*** Opening DATASET CONTENT ***
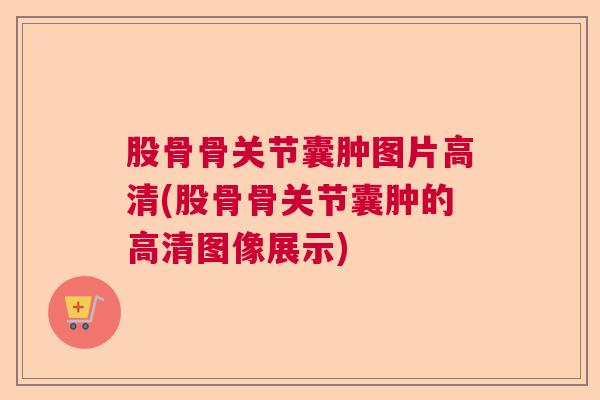 股骨骨关节囊肿图片高清(股骨骨关节囊肿的高清图像展示)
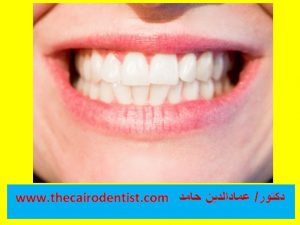 أكثر 10خرافات شائعة حول طب الأسنان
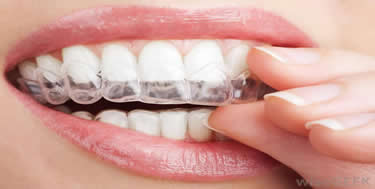 Home Teeth Whitening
*** Closing DATASET CONTENT ***
▸ THE PROBLEM: Once the pictures are set aside, transcribe the remaining lines above exactly.

▸ EXERCISE SOLUTION:
 股骨骨关节囊肿图片高清(股骨骨关节囊肿的高清图像展示)
 أكثر 10خرافات شائعة حول طب الأسنان
 Home Teeth Whitening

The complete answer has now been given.